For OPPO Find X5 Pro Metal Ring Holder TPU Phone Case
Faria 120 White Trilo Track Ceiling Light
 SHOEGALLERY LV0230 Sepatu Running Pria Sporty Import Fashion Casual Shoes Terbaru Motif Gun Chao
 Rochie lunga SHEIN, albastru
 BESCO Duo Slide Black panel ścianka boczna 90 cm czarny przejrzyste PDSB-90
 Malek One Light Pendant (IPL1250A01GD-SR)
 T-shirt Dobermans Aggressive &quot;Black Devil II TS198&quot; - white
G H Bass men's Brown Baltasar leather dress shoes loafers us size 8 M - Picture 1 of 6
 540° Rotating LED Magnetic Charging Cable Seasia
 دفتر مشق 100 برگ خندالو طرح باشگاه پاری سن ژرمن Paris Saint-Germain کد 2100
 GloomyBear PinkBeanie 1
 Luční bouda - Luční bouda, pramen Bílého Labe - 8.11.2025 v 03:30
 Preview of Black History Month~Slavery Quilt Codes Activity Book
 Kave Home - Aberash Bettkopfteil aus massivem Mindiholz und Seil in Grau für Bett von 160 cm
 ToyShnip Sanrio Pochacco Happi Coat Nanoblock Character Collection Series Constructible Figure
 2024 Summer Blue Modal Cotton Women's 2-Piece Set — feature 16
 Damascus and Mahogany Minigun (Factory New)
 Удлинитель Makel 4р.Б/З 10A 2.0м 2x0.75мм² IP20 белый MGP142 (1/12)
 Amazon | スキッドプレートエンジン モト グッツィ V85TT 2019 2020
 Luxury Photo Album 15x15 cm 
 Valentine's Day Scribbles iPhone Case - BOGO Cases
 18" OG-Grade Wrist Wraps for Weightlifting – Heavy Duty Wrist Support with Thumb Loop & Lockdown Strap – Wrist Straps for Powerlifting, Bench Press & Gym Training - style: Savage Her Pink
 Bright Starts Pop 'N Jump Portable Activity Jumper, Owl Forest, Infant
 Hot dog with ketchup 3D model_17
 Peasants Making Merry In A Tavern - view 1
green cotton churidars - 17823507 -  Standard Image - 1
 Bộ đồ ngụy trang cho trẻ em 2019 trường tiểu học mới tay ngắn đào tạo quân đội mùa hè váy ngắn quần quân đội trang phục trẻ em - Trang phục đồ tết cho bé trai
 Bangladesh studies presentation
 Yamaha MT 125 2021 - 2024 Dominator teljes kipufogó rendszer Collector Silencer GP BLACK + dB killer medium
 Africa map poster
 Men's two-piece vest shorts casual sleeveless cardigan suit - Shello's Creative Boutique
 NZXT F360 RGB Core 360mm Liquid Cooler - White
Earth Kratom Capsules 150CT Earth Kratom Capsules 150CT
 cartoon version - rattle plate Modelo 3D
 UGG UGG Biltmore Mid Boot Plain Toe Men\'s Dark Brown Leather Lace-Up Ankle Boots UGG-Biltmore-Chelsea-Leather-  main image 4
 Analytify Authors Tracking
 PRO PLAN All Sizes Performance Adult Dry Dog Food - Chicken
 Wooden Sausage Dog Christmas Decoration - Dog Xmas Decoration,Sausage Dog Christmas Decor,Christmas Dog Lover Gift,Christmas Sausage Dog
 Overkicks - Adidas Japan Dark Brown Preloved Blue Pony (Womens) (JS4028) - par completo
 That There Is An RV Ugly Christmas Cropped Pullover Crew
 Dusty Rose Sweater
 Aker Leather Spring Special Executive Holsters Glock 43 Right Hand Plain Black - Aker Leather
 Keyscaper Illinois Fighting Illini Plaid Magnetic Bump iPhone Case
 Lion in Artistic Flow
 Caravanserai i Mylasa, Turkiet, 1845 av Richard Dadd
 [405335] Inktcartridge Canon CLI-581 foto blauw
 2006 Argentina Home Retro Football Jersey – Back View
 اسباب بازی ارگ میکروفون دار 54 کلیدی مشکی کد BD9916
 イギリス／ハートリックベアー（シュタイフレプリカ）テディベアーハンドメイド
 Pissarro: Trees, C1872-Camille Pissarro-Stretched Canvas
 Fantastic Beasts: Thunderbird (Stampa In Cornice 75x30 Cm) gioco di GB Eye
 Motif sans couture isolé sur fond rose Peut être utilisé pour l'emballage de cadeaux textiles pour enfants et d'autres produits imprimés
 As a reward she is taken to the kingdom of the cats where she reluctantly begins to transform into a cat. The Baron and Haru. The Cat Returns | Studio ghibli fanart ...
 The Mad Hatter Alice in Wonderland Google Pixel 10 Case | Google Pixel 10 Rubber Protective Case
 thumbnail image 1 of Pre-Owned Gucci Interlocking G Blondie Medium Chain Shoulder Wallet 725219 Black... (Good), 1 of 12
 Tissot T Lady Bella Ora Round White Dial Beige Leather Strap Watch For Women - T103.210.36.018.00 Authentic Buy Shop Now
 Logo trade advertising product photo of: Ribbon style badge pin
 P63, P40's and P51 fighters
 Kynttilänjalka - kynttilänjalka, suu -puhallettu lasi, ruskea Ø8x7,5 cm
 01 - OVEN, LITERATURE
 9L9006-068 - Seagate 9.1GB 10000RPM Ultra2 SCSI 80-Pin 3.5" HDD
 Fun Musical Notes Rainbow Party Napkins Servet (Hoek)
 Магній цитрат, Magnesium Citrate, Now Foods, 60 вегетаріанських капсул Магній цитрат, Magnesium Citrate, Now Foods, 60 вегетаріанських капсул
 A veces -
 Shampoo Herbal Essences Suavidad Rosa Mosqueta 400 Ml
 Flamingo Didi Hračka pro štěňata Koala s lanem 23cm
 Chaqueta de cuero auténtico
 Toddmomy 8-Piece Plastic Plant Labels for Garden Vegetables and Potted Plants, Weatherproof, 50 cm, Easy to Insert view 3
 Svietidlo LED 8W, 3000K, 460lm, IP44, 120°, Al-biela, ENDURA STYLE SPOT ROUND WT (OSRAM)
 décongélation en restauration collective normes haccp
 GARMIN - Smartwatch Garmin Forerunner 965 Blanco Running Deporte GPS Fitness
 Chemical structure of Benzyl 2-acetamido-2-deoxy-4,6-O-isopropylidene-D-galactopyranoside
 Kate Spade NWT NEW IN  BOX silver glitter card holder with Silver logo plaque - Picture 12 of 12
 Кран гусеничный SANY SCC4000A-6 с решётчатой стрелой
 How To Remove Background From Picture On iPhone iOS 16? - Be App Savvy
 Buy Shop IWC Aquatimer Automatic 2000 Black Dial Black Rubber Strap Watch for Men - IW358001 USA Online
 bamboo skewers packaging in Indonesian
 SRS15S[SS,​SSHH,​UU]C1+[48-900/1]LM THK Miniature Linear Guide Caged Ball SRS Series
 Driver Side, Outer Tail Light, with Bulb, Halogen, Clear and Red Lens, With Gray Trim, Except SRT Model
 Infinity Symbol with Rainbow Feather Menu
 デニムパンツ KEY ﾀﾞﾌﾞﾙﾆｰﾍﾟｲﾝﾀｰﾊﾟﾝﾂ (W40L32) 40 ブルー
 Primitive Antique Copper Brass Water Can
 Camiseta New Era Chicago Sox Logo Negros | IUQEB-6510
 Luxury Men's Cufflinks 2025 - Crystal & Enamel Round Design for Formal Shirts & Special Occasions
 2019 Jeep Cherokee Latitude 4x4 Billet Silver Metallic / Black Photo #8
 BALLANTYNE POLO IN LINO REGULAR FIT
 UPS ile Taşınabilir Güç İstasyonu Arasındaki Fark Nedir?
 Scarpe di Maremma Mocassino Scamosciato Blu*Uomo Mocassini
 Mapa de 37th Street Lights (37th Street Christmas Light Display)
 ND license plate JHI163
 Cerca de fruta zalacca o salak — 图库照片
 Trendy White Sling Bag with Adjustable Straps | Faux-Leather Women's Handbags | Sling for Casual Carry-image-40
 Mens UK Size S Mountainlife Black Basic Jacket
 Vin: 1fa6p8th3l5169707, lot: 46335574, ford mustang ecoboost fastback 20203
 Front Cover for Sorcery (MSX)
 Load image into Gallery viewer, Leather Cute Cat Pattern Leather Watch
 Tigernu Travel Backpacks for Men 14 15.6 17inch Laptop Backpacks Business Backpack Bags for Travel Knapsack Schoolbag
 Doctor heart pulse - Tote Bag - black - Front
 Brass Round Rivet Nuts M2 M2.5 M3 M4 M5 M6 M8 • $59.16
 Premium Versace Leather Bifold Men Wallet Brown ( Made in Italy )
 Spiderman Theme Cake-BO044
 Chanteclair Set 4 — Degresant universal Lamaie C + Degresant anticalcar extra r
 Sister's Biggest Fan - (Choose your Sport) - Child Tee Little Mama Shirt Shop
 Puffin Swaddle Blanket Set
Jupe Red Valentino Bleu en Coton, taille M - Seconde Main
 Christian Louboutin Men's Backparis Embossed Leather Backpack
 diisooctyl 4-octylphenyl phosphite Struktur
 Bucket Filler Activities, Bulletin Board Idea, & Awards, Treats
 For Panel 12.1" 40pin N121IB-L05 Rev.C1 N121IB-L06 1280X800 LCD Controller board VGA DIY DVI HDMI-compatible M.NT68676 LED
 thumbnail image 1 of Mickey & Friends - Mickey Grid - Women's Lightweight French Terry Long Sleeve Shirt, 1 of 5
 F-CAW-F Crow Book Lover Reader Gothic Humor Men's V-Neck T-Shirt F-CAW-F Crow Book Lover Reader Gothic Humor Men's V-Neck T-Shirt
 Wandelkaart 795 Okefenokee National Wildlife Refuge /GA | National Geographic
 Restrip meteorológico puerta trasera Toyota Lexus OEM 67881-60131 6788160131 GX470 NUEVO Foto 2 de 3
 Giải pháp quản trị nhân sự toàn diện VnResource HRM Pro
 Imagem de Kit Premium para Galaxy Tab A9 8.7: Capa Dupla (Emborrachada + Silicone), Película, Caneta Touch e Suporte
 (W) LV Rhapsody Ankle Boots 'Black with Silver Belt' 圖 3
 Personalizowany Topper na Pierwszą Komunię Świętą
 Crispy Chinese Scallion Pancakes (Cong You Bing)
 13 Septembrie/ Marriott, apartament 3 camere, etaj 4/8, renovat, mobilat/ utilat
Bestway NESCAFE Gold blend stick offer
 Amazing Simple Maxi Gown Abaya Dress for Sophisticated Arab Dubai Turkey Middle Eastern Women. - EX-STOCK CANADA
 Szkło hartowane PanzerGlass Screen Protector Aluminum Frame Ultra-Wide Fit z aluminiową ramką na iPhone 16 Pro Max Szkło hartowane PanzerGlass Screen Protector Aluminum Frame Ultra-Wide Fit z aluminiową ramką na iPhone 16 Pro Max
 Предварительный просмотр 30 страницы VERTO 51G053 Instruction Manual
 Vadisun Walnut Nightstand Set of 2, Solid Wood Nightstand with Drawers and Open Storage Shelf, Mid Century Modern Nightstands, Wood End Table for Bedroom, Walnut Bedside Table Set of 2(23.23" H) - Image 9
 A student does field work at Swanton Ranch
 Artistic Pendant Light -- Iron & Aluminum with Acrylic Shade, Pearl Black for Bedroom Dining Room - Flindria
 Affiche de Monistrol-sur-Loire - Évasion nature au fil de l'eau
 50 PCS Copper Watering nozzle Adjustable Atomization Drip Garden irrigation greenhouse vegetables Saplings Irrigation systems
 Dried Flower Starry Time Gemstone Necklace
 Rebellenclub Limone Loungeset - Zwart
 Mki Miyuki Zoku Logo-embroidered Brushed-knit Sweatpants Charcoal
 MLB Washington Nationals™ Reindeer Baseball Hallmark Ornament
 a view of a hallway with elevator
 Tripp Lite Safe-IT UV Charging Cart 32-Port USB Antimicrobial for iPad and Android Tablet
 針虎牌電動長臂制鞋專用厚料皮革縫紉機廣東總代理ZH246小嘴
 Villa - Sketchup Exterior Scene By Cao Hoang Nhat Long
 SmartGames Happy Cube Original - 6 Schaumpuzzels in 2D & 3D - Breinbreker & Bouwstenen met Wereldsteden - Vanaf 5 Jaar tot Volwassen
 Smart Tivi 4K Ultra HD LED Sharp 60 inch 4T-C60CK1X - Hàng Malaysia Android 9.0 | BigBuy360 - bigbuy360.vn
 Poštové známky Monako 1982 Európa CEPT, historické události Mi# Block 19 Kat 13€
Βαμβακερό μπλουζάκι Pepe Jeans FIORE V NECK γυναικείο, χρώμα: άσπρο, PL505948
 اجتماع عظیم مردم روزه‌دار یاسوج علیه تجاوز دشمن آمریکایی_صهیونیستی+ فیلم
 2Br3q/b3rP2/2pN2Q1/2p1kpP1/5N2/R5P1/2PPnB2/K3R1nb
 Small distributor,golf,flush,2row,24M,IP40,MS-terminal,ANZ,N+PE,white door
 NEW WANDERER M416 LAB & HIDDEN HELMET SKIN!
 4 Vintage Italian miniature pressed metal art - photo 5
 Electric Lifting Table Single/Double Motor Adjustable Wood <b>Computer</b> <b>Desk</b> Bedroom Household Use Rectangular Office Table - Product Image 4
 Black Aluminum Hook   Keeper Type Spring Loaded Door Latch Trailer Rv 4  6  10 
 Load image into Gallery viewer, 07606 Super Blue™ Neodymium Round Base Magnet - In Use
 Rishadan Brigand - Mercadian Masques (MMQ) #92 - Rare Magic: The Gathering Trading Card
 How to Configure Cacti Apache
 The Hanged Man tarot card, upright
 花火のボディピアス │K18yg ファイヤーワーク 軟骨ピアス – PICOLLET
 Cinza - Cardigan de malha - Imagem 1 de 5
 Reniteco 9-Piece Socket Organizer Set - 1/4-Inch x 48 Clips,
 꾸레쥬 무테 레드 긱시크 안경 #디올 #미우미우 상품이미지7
○ ○ ○
#### [PROBLEM]
How many of the lines above hold the word "Boots"? Give only that number.

#### [RESPONSE TO THIS TASK]
2